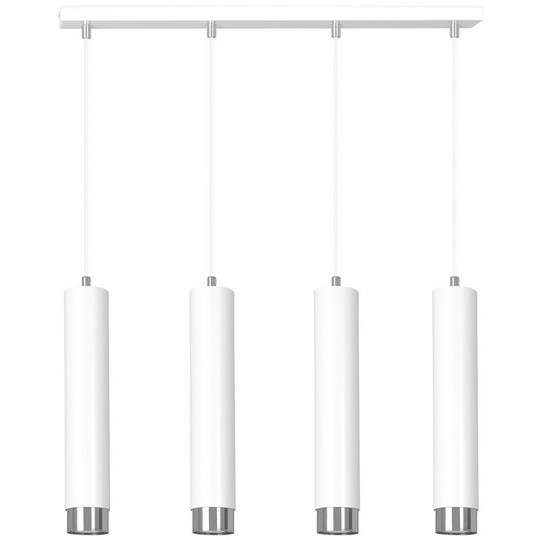 Emibig Kibo White/Chrome Bar Pendant Ceiling Light 4x GU10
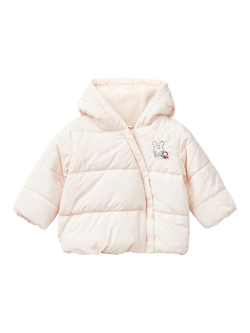 Benetton Kids' 3D Ears Hooded Padded Jacket, Light Powder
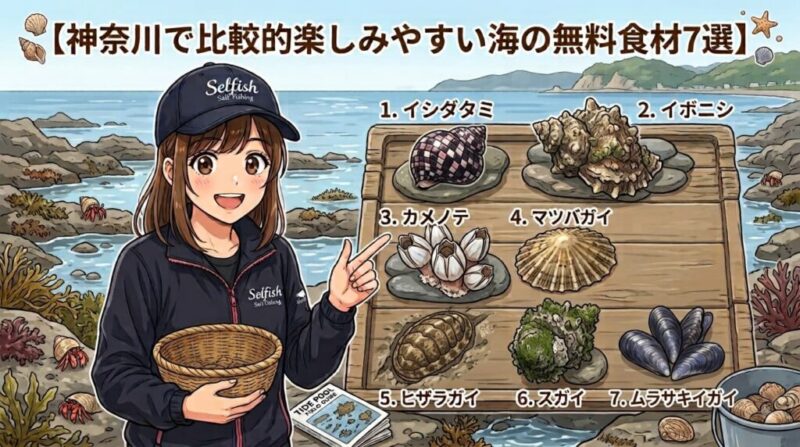 神奈川で比較的楽しみやすい海の無料食材7選見出し画像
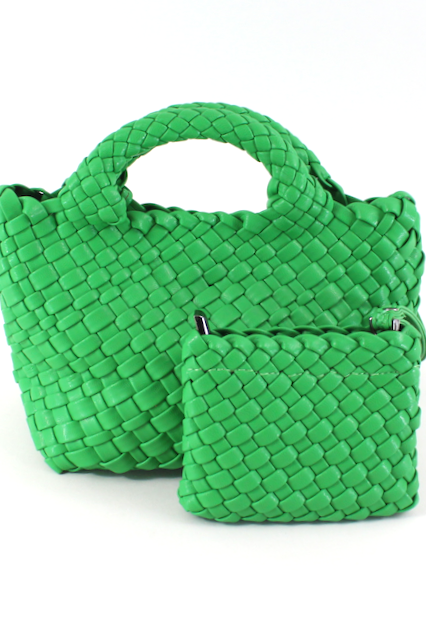 Small Woven Tote Crossbody Bag w/Cosmetic Pouch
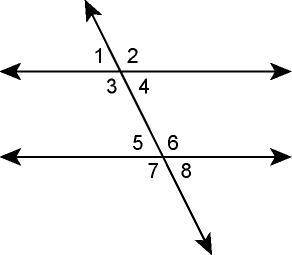 Which pair of angles are corresponding? 1 and 3 2 and 4 3 and 7 1 and 8(i think its 3 and 7 but i'm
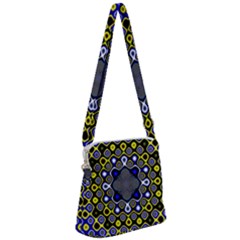Digital Art Background Yellow Blue Zipper Messenger Bag by Sudhe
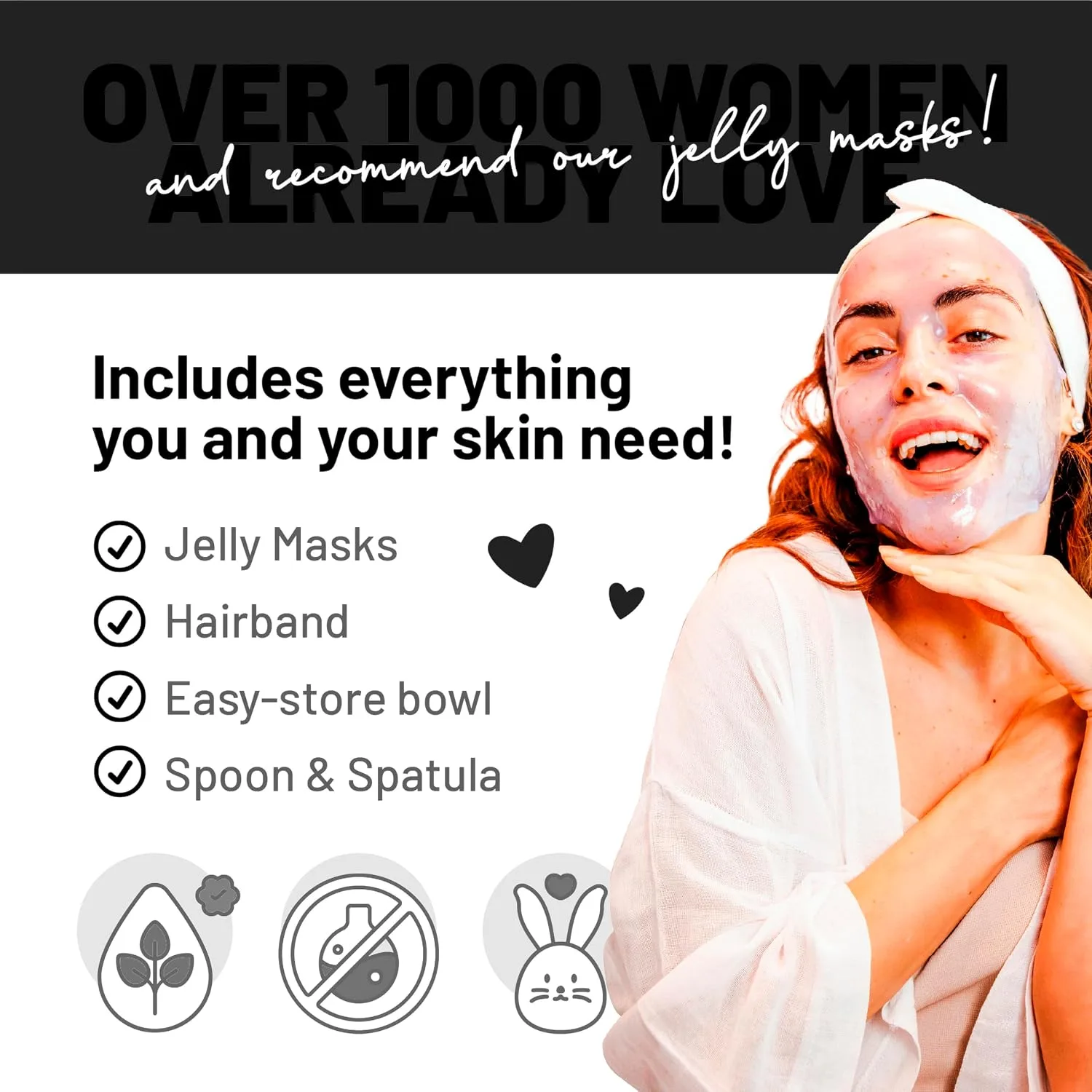 BRÜUN Jelly Mask Jar Black Gold Salicylic AC BHA Peel-Off Face Care Rubber Mask | 23 fl oz Skin Care Moisturizing Gel Mask Jar Spa Set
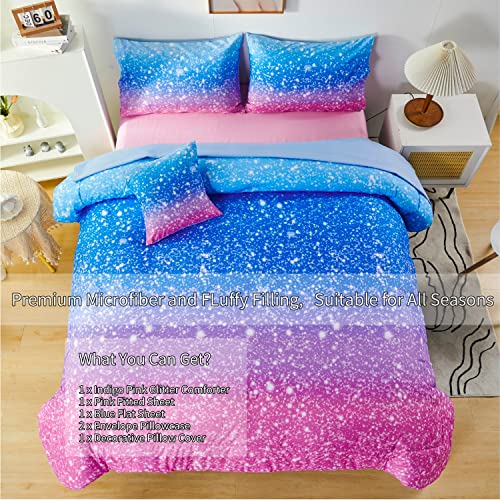 RYNGHIPY 6Pcs Sparkle Gradient Glitter Comforter Sets, Ombre Indigo Pink Gradient Bedding Set for Boys Girls, Rainbow Bed in A Bag Twin Size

============

PROBLEM —
Using the data above, retype exactly and only the lines from the one containing "Digital Art Background" up to and including the one containing "BRÜUN Jelly Mask", with no pictures carried over.

WRITTEN ANSWER —
Digital Art Background Yellow Blue Zipper Messenger Bag by Sudhe
 BRÜUN Jelly Mask Jar Black Gold Salicylic AC BHA Peel-Off Face Care Rubber Mask | 23 fl oz Skin Care Moisturizing Gel Mask Jar Spa Set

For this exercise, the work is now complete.